Hey everyone, it’s John, welcome to my recipe page. Today, we’re going to make a distinctive dish, potato and mushroom gratin. One of my favorites. For mine, I’m gonna make it a bit tasty. This is gonna smell and look delicious.
In a large skillet, saute mushrooms and shallots in oil until tender. Bring the sliced potatoes, milk, wine, salt, and pepper to a boil in a large pan, stirring occasionally; leave at a simmer while you get on with the mushrooms. Heat a large skillet over medium heat with butter and olive oil.
Potato and mushroom gratin is one of the most well liked of current trending foods in the world. It’s simple, it is quick, it tastes yummy. It is enjoyed by millions every day. They’re nice and they look fantastic. Potato and mushroom gratin is something that I have loved my entire life.
To get started with this recipe, we must prepare a few components. You can cook potato and mushroom gratin using 7 ingredients and 4 steps. Here is how you can achieve that.
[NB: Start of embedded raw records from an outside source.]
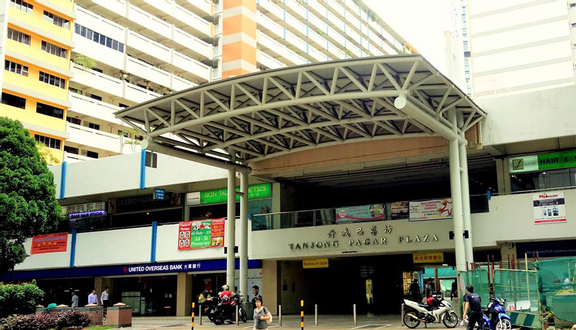 Tanjong Pagar Plaza Food Court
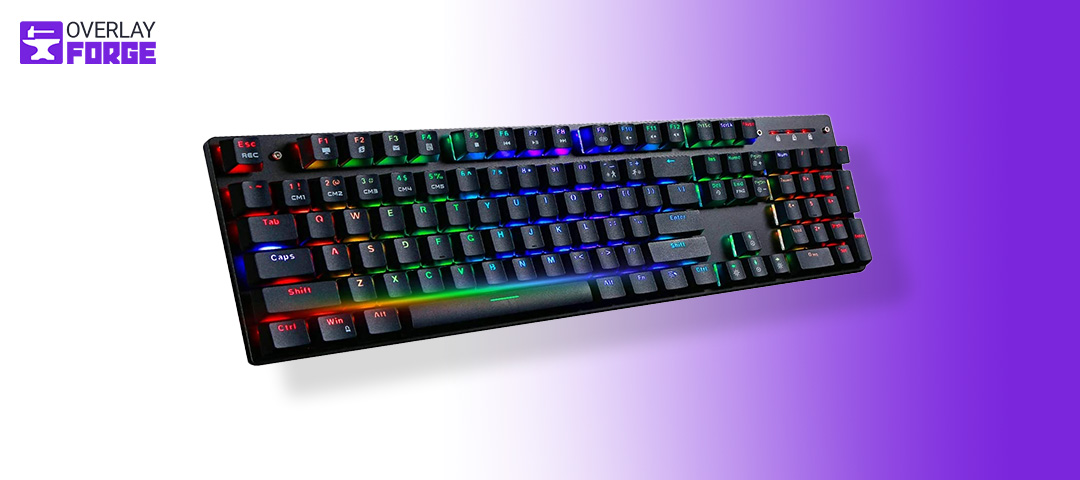 Teamwolf Gaming Keyboardis one of the best budget mechanical keyboards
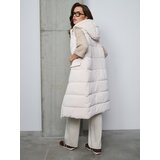 Sinsay Prošiveni puffer prsluk s odvojivom kapuljačom | shoptok.hr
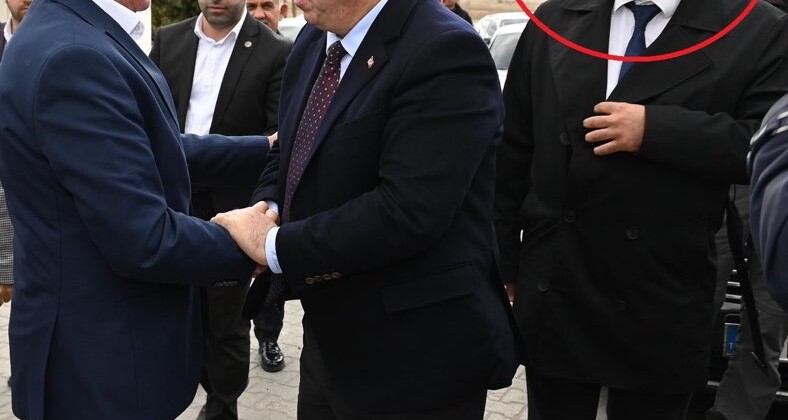 Nevşehir Valisi Ali Fidan, koruma müdürünü İl Sosyal Etüt ve Proje Müdür Vekili olarak atadı.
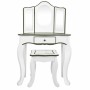 Coiffeuse avec Banc Teamson 61 x 29 x 100 cm jouet Blanc Enfant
The ingredients needed to make Potato and mushroom gratin:
- Prepare 2 Potatoes , deskinned
- Take 250 Grams Mushrooms
- Prepare 1 Tablespoon garlic oil
- Get 300 Millilitres milk full
- Prepare To Taste paprika
- Get To Taste oregano
- Prepare To Taste salt
Season generously with salt and pour over the potatoes and mushrooms. Press the vegetables down into the liquid. Arrange one-third of the potato slices, slightly overlapping, on the bottom of the prepared dish. Cheesy potatoes get a whole new look with the addition of Provolone cheese, Portobello mushrooms, and fresh thyme to this potato gratin recipe.
Instructions to make Potato and mushroom gratin:
- Slice potatoes into thin round pieces. Thinly slice mushroom as well. In a pan, add garlic oil, potatoes and let them heat up for a few minutes. Then add the milk. Season with salt, paprika and oregano.
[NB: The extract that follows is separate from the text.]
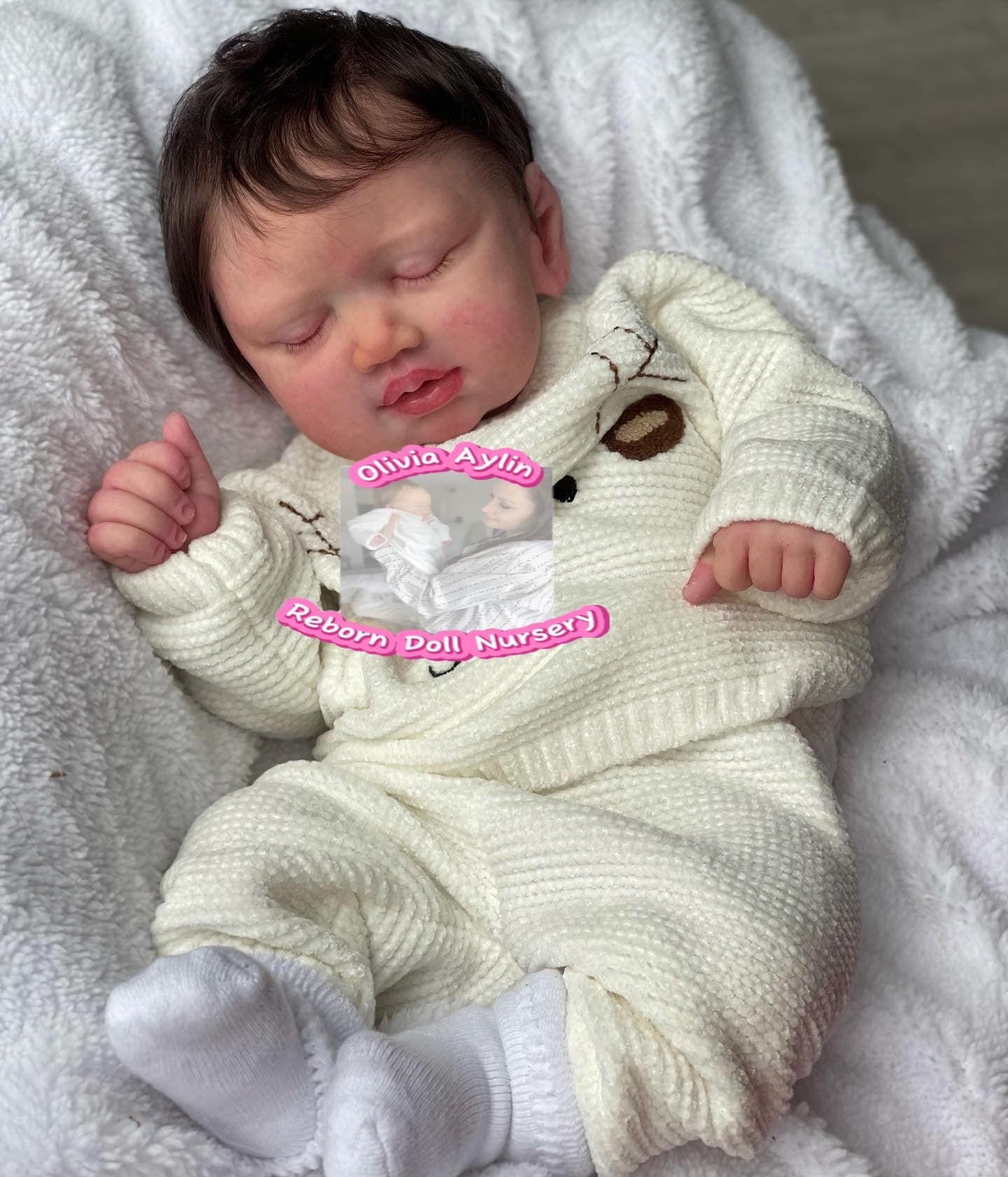 Sayge – Full Body Silicone Reborn Baby Boy Doll - Photo 4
- While the potato is simmering, saute mushrooms in another pan until the water runs dry. Add to the potatoes and gently mix.
- Pour into a baking dish and let it cook in a pre heated oven for 30 minutes at 220degrees C.
- The milk will bubble about and what results is a creamy potato and mushroom gratin delight. As Nigella suggests, would taste great with oven roasted chicken.
Au gratin potatoes don't get the love they should so I gave them an update and made this Provolone, Mushroom and Potato Gratin recipe. Heat to just under a boil. Remove from heat, cover, and let steep while preparing the rest of the dish. Arrange mushroom slices atop gratin around edge of dish. Continue to bake uncovered until mushrooms are tender and potato edges are golden.